■ WORK TO BE COMPLETED
An exact copy of the listing below is the answer, with the pictures removed.

■ INFORMATION SHOWN
┌──

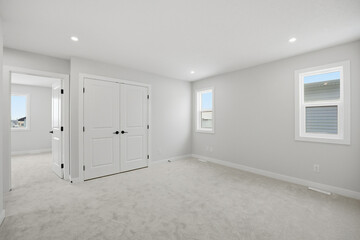 Bedroom with a white door and a white closet
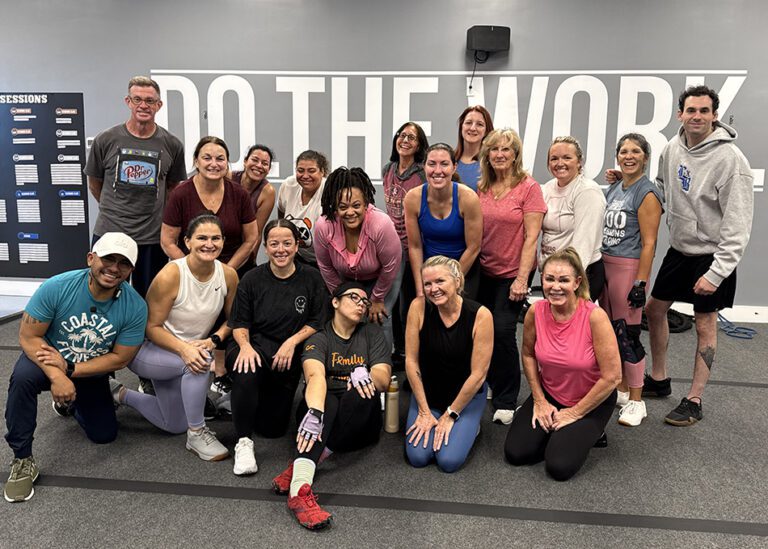 Coastal Fitness members posing for a group photo after strength training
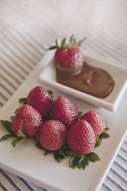 platter of strawberries with chocolate dip on on white surface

└──

■ OUTPUT OF THE TASK
 Bedroom with a white door and a white closet
 Coastal Fitness members posing for a group photo after strength training
 platter of strawberries with chocolate dip on on white surface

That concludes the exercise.